Charlotte Walsh Likes to Win is a fun, multilayered book that’s ultimately an exercise in frustration.
Our title character is a power player in Silicon Valley. In the wake of her husband ‘s affair and a bout of ambition, she decides to leave behind her lucrative and successful career to take the next, public-serving/ego-stroking step: politics.
What follows is an exhausting whirlwind of hand-shaking and pie festivals and a rapidly crumbling marriage. We see a strikingly familiar dirty underbelly among lying politicians who are never fully held accountable for their muckraking and anonymous, misogynist trolls.
Piazza has a knack for showing the price of a seemingly fabulous life. In Fitness Junkie, our main character loses so much weight in her quest for a better self that she makes herself ill. For Charlotte Walsh to have it all, she must risk losing that which is most important.
We meet characters with varying shades of dysfunction.

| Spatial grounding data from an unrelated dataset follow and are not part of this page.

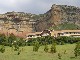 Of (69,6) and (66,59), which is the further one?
(69,6)

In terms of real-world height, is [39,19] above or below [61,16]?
below

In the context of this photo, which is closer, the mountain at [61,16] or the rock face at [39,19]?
the mountain at [61,16]

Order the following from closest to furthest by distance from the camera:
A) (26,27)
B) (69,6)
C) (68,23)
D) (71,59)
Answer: (71,59) → (68,23) → (69,6) → (26,27)

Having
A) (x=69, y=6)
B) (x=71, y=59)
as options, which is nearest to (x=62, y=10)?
(x=69, y=6)

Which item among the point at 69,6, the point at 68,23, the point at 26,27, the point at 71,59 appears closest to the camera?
the point at 71,59

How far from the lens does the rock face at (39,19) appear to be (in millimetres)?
138250

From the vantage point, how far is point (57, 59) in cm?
3512

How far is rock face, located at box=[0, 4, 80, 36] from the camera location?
138250 mm

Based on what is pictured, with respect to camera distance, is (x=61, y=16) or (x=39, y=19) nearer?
(x=61, y=16)

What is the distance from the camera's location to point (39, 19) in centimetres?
15500

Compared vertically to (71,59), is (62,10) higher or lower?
higher

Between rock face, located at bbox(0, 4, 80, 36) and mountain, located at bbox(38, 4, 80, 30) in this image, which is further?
rock face, located at bbox(0, 4, 80, 36)

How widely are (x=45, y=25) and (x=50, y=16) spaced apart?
5356mm

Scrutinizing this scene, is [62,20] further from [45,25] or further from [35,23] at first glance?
[35,23] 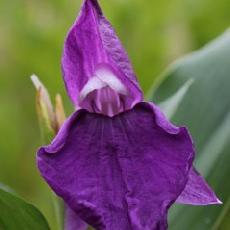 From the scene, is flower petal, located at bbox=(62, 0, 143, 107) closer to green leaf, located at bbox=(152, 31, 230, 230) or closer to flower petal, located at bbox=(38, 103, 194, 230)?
flower petal, located at bbox=(38, 103, 194, 230)

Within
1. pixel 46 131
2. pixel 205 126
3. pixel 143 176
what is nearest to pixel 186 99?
pixel 205 126

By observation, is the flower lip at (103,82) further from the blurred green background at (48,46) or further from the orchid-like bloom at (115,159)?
the blurred green background at (48,46)

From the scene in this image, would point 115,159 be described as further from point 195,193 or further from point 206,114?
point 206,114

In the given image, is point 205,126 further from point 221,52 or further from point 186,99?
point 221,52

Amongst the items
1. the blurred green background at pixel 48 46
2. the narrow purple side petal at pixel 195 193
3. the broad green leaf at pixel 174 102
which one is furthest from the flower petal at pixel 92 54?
the blurred green background at pixel 48 46

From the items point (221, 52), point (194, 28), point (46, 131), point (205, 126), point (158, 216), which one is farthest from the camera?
point (194, 28)

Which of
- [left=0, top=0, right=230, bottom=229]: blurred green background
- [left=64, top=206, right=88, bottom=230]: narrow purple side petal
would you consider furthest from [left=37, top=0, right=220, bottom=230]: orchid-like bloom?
[left=0, top=0, right=230, bottom=229]: blurred green background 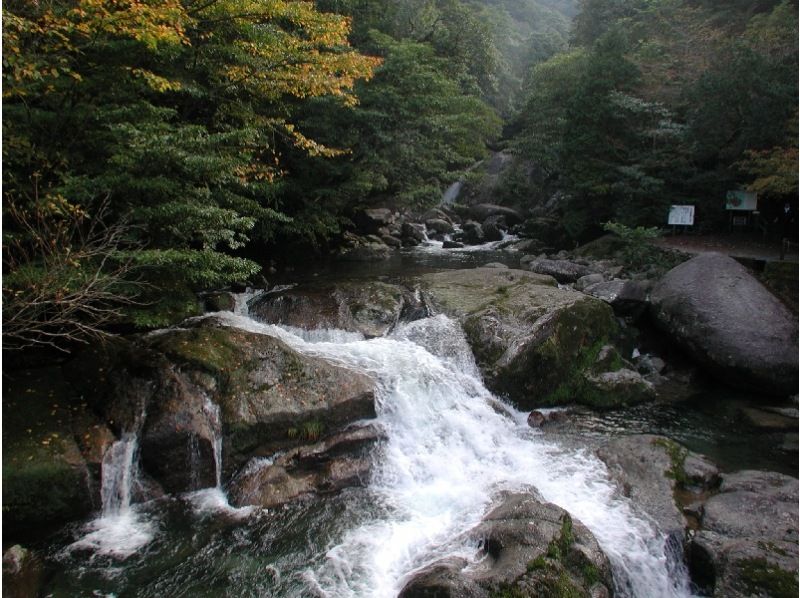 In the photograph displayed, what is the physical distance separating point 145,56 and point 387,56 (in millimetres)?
8727

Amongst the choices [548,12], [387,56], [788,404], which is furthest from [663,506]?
[548,12]

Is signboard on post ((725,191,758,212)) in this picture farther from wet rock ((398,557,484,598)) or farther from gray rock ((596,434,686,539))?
wet rock ((398,557,484,598))

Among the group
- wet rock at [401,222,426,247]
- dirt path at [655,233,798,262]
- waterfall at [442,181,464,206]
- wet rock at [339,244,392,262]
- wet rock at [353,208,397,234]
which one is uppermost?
waterfall at [442,181,464,206]

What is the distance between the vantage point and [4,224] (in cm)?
701

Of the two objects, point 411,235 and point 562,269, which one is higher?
point 411,235

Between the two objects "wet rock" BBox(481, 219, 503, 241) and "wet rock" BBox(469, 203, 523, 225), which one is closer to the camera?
"wet rock" BBox(481, 219, 503, 241)

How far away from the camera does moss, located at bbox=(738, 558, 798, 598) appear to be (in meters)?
4.75

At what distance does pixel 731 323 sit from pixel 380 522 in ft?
26.8

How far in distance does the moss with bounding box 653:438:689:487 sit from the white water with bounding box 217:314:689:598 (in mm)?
885

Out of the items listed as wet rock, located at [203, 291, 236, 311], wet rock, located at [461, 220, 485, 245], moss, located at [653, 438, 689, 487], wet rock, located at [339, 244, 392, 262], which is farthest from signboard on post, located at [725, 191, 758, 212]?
wet rock, located at [203, 291, 236, 311]

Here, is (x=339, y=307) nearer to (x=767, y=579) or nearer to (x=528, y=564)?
(x=528, y=564)

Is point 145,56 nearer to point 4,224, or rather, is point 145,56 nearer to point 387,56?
point 4,224

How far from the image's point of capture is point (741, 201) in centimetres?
1741

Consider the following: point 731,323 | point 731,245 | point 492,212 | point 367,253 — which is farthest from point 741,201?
point 492,212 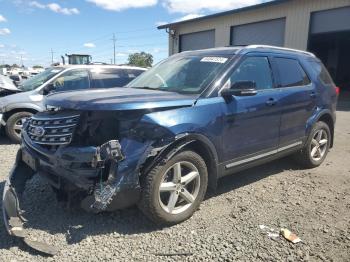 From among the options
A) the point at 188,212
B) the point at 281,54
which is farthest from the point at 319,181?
the point at 188,212

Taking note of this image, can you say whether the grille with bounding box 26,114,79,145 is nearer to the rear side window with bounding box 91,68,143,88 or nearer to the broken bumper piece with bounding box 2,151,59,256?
the broken bumper piece with bounding box 2,151,59,256

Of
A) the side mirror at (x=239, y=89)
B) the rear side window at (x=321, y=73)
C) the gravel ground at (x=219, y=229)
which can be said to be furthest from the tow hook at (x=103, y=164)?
the rear side window at (x=321, y=73)

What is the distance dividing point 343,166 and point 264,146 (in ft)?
7.08

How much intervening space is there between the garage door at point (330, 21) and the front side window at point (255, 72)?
13.1m

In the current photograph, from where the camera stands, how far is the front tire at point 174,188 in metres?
3.57

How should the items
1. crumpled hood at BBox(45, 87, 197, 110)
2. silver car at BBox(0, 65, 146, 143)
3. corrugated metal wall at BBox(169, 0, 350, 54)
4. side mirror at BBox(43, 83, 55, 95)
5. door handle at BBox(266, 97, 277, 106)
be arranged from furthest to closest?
corrugated metal wall at BBox(169, 0, 350, 54) → side mirror at BBox(43, 83, 55, 95) → silver car at BBox(0, 65, 146, 143) → door handle at BBox(266, 97, 277, 106) → crumpled hood at BBox(45, 87, 197, 110)

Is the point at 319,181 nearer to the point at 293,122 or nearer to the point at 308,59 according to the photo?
the point at 293,122

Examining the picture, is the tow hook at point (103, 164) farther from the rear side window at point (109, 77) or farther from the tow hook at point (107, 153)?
the rear side window at point (109, 77)

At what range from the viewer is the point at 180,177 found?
12.6ft

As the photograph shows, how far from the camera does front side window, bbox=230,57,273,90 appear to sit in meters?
4.52

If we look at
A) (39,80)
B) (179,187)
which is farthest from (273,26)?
(179,187)

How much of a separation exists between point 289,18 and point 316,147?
44.4 ft

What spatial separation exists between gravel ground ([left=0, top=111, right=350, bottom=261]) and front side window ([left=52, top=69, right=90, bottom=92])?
3306 mm

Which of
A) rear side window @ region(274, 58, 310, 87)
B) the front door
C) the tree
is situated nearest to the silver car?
rear side window @ region(274, 58, 310, 87) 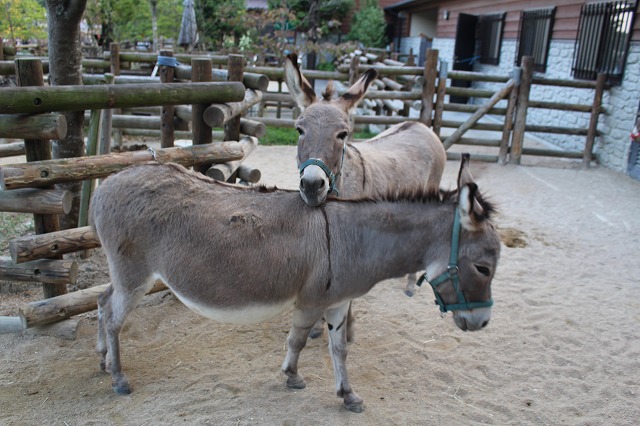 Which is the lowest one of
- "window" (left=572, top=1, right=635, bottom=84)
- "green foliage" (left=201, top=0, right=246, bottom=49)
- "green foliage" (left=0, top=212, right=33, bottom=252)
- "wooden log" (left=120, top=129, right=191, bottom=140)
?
"green foliage" (left=0, top=212, right=33, bottom=252)

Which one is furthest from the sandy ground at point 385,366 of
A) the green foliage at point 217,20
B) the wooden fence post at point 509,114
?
the green foliage at point 217,20

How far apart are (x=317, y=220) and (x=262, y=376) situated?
135 centimetres

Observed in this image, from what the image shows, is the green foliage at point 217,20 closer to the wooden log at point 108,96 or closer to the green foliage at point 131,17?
the green foliage at point 131,17

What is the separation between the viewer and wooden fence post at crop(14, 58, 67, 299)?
3721mm

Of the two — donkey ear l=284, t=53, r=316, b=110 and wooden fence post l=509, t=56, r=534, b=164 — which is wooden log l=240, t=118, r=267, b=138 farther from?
wooden fence post l=509, t=56, r=534, b=164

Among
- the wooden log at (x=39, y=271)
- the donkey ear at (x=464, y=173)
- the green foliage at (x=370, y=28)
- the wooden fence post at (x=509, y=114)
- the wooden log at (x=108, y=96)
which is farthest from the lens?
the green foliage at (x=370, y=28)

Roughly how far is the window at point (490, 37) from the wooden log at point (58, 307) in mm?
15927

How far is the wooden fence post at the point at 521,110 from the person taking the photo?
10.4 meters

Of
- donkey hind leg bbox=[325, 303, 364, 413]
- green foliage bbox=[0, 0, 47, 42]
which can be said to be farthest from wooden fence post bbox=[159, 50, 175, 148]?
green foliage bbox=[0, 0, 47, 42]

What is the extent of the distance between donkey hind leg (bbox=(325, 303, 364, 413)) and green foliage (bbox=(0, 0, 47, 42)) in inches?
648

Charlotte ‘s brother could easily be portrayed as an idiotic drunk yokel (and he kind of is, to be honest), but we also get to see a man who honestly tries but just can’t seem to get it together.
What kills it for me is the vague ending.
I don ‘t think my comments are necessarily spoilery since there ‘s nothing to spoil (re: the vague ending). Nonetheless, I don’t want to ruin any sort of surprise. Keep reading at your own risk. Leave it alone to maintain some mystery.
Why oh why would the author give us a vague ending?
I can understand open-ended conclusions in some cases, such as “She opened the door to her new life.” But even in those instances, we have at least some clue of what that life might entail. Door X has been opened and the open, imaginative part is what happens now that our character has walked through it.
But there is no clue here as to where our character will go. She stands before metaphorical doors X and Y and we never discover which one she opens. The entire book has been leading her to these doors, then stops. Just stops. And it’s infinitely frustrating.
This isn’t a conceptual book that merits a vague ending.
It’s plot-driven with definitive points along the way. To suddenly abandon the path at a critical juncture shortchanges the journey the reader has come along for. It shortchanges the reader, period.
Up to the end (notwithstanding a small continuity error in the very end which I’m sure will be corrected before the final print), the book is engaging, interesting, and sinks in enough hooks and surprises to keep the reader going.
But the book is clearly called “Charlotte Walsh Likes to Win. ” How can the author finish the book without telling us whether she does? In The Night Circus, it would be unacceptable if we saw our characters preparing for the big event, but never actually went to the circus. Or to never see The Animators animating. Or to find out what happened before the fall in Before the Fall.
I get it. I get that the winning goes beyond the campaign itself. But it is the axis around which the entire book rotates. It feels like the author wasn’t sure which ending would work best, so she just stopped. It’s a shame; the rest of the book is so engaging.
Though mostly enjoyable, I vote for a more definitive ending. This book failed to live up to its campaign promises.